# [Materials provided]
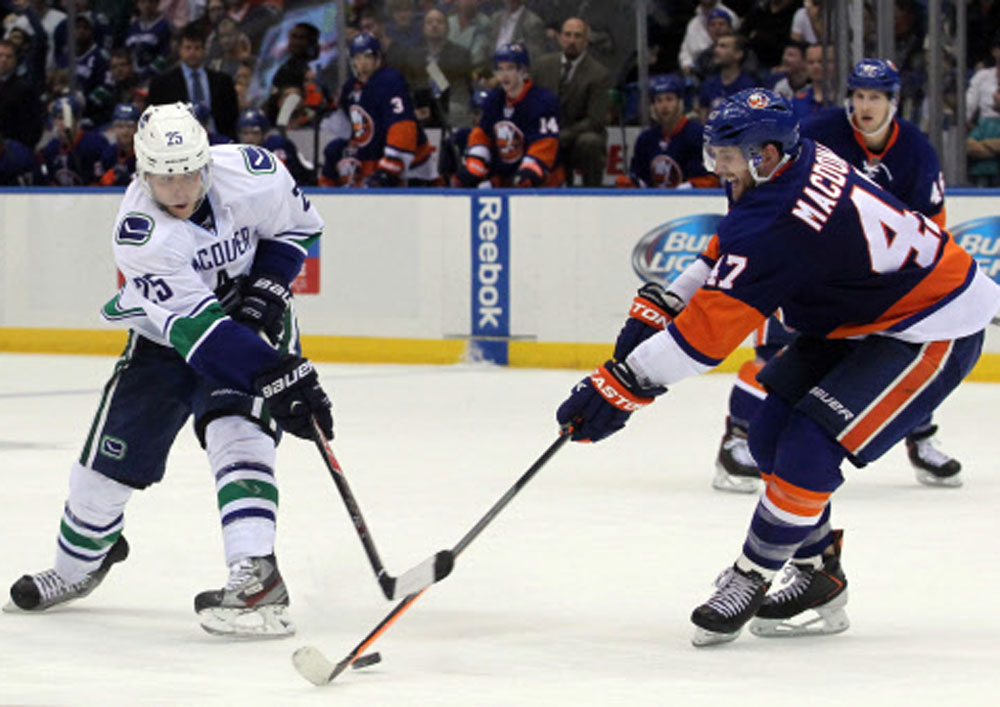Uniondale, NY, USA; New York Islanders defenseman Andrew MacDonald (47)  contests a shot by Vancouver Canucks center Mike Santorelli (25) during  the third period of a game at Nassau Veterans Memorial Coliseum. The  Canucks won 5-4 in overtime. Reute...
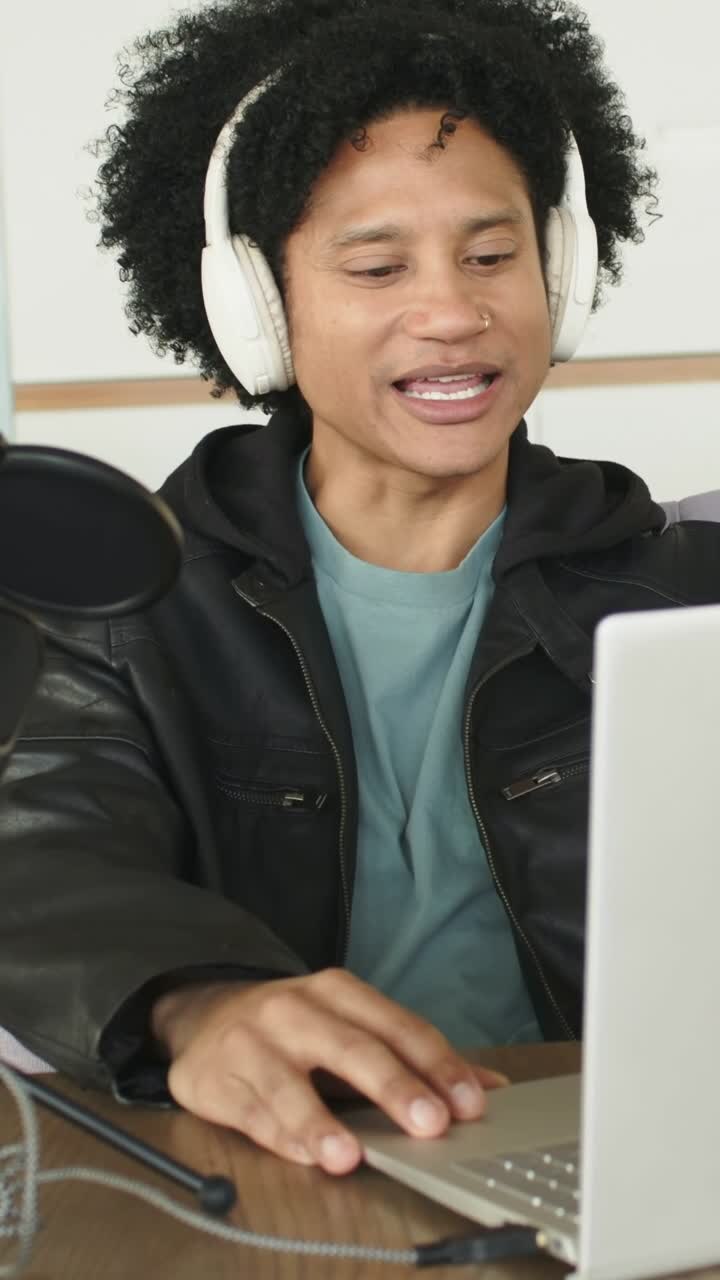 Vertical video: Checking laptop, host listening to audio, recording at desk with mic and phones
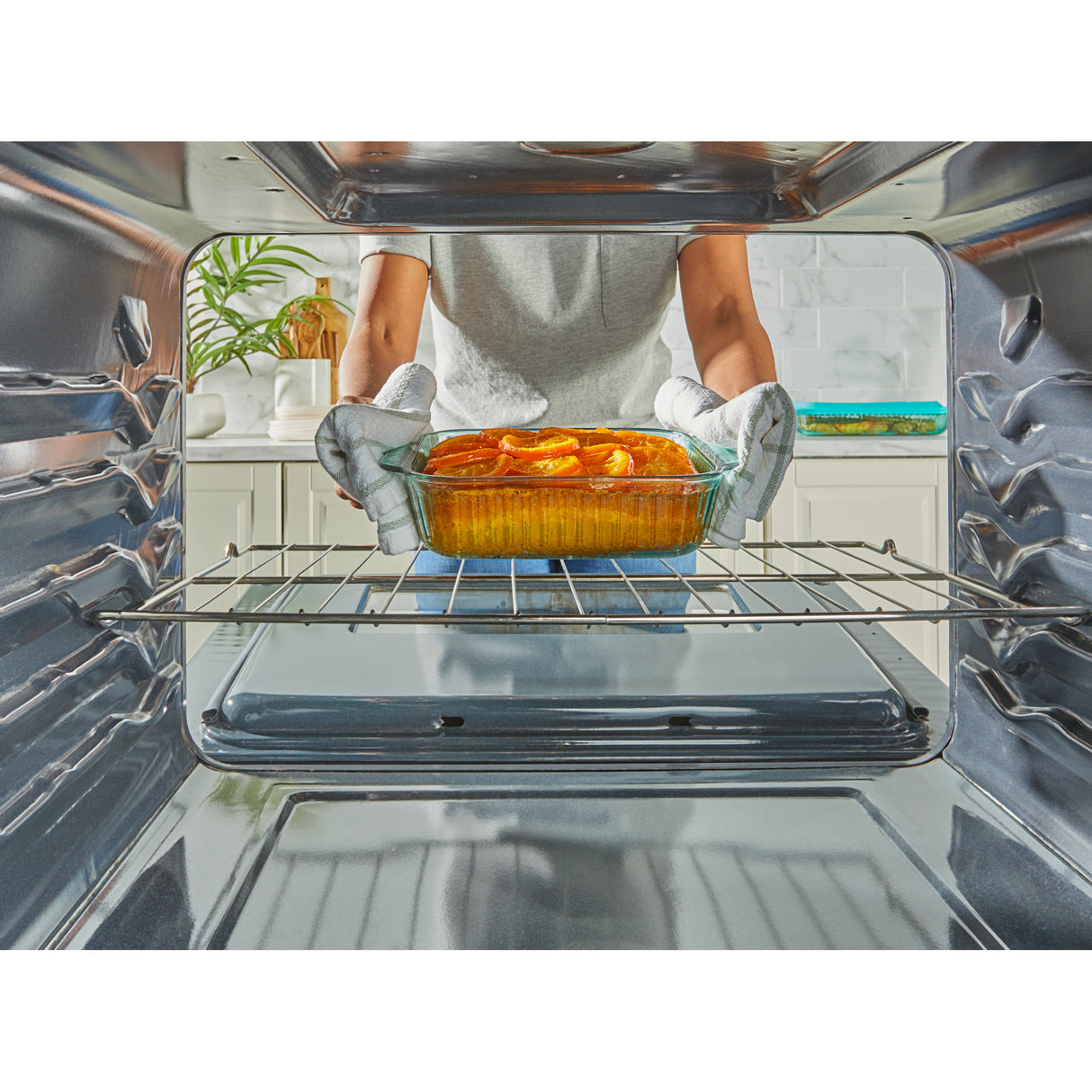 Person placing a dish into an open oven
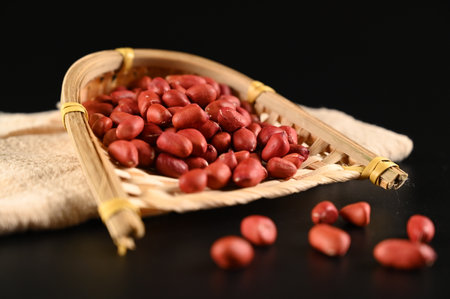 Red peanuts in a bamboo sieve on a black background closeupの写真素材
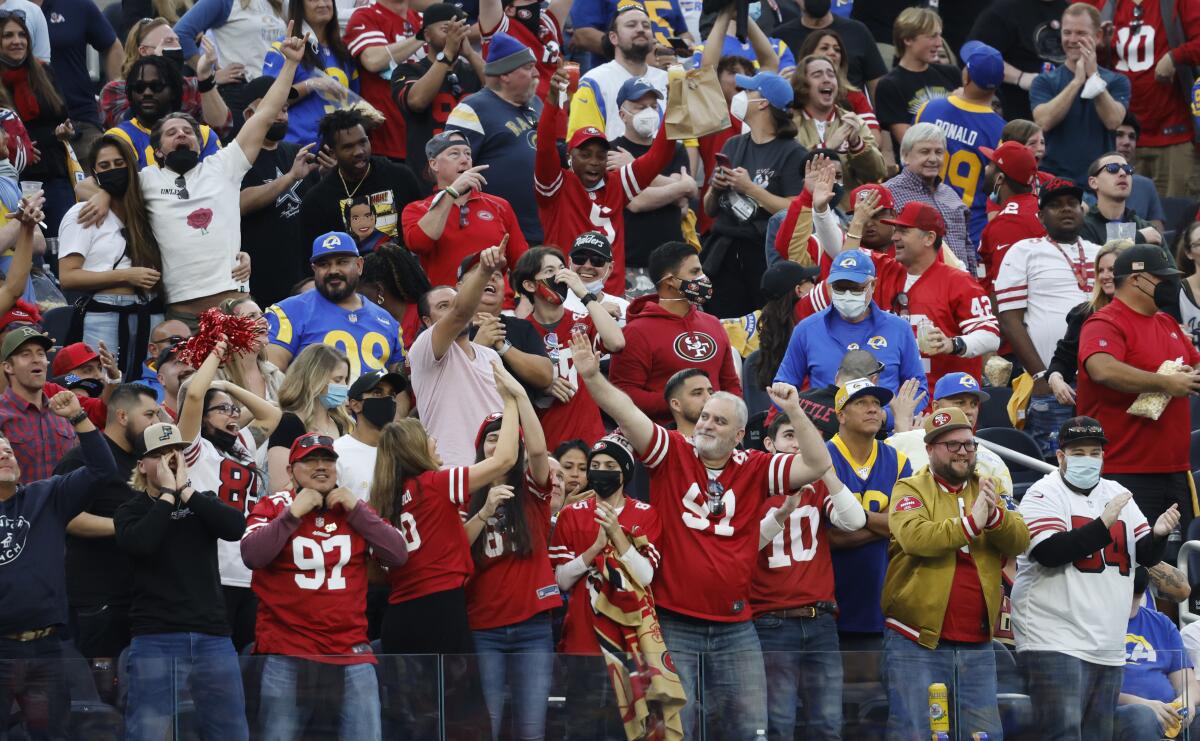 A throng of 49ers fans cheer in SoFi Stadium in game against the hometown Rams.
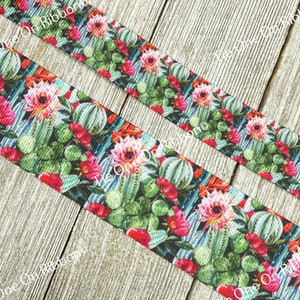 May include: A close-up of a green, pink, and blue ribbon with a cactus and flower print. The ribbon is on a wooden surface.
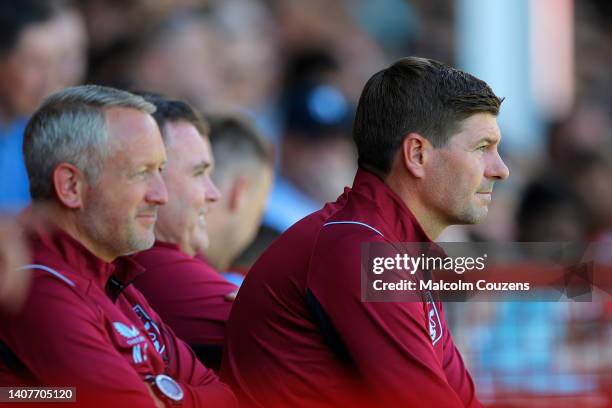 Aston Villa assistant head coach Neil Critchley and Aston Villa manager Steven Gerrard look on during the Pre-Season Friendly between Walsall and...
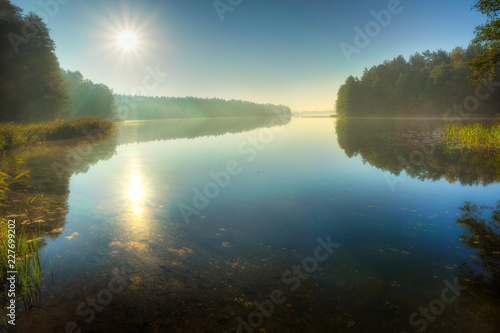 The sun illuminates the surface of the lake. Masuria, Poland.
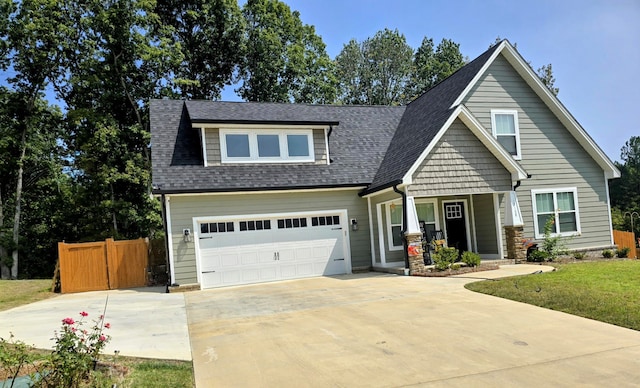 craftsman-style house with a front lawn and a garage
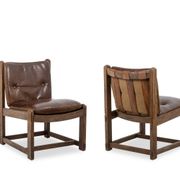 Pair of oak armchairs, upholstered in leather. Work from the 1960s.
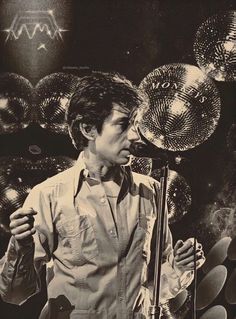 a man standing in front of a microphone with disco balls on the wall behind him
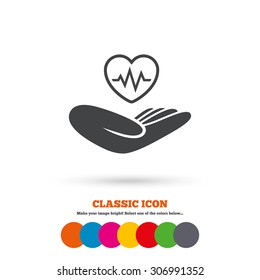 Life insurance sign. Hand holds human heart symbol. Health insurance. Classic flat icon. Colored circles. Vector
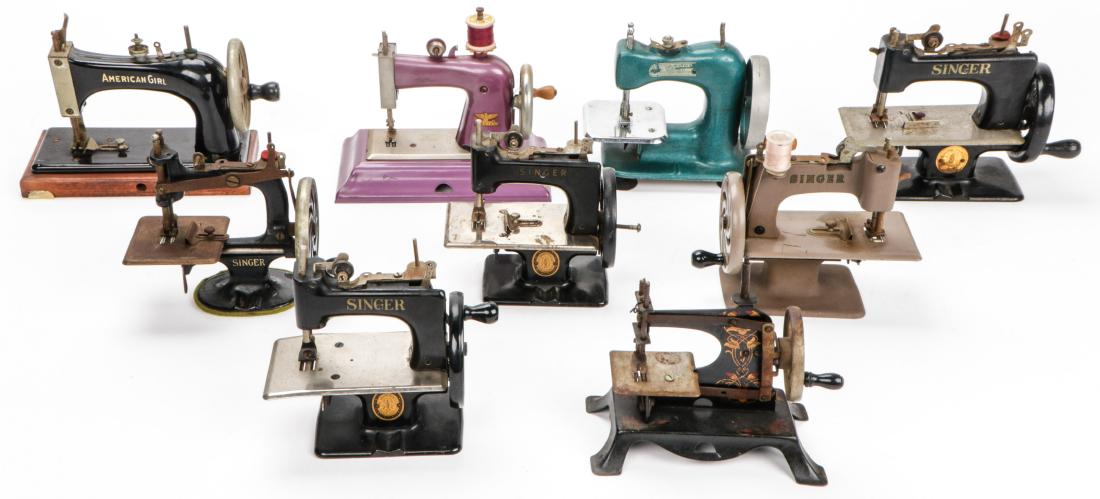 Group of 9 Vintage Mini Sewing Machines: Group of 9 Vintage Miniature Toy Sewing Machines, various manufacturers including Singer, Casige, American Girl, and Stitch Mistress. Largest: 7'' x 5'' x 8.75'' (18 x 13 x 22 cm).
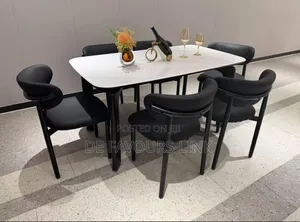 Black Chairs and Marble Dinning Table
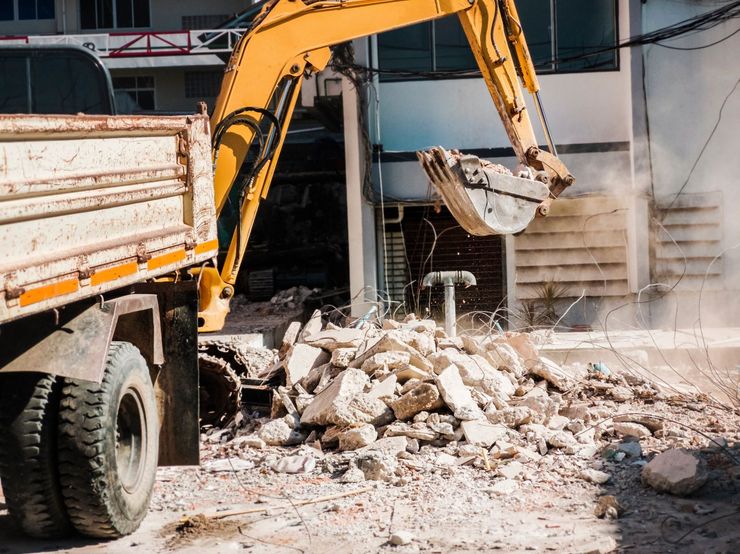 Excavator demolishing rubble beside a truck at a construction site, with dust and broken concrete.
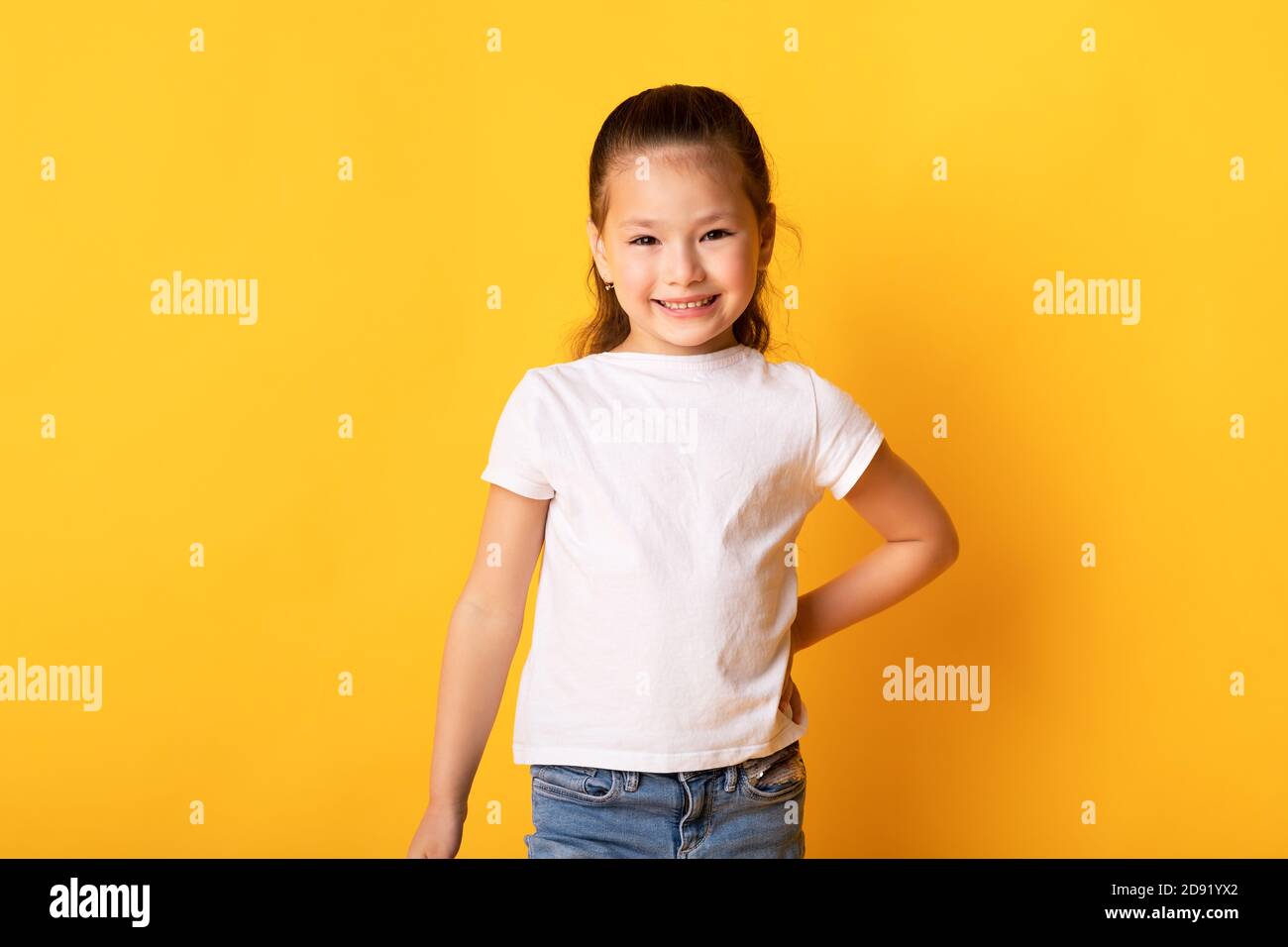 Smiling asian girl posing and looking at camera Stock Photo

# [Exercise goal]
A clean copy is needed of the lines above from the one with "May include: A" up to and including the one with "Aston Villa assistant". Please set it down exactly, with no pictures.

# [Final answer]
 May include: A close-up of a green, pink, and blue ribbon with a cactus and flower print. The ribbon is on a wooden surface.
 Aston Villa assistant head coach Neil Critchley and Aston Villa manager Steven Gerrard look on during the Pre-Season Friendly between Walsall and...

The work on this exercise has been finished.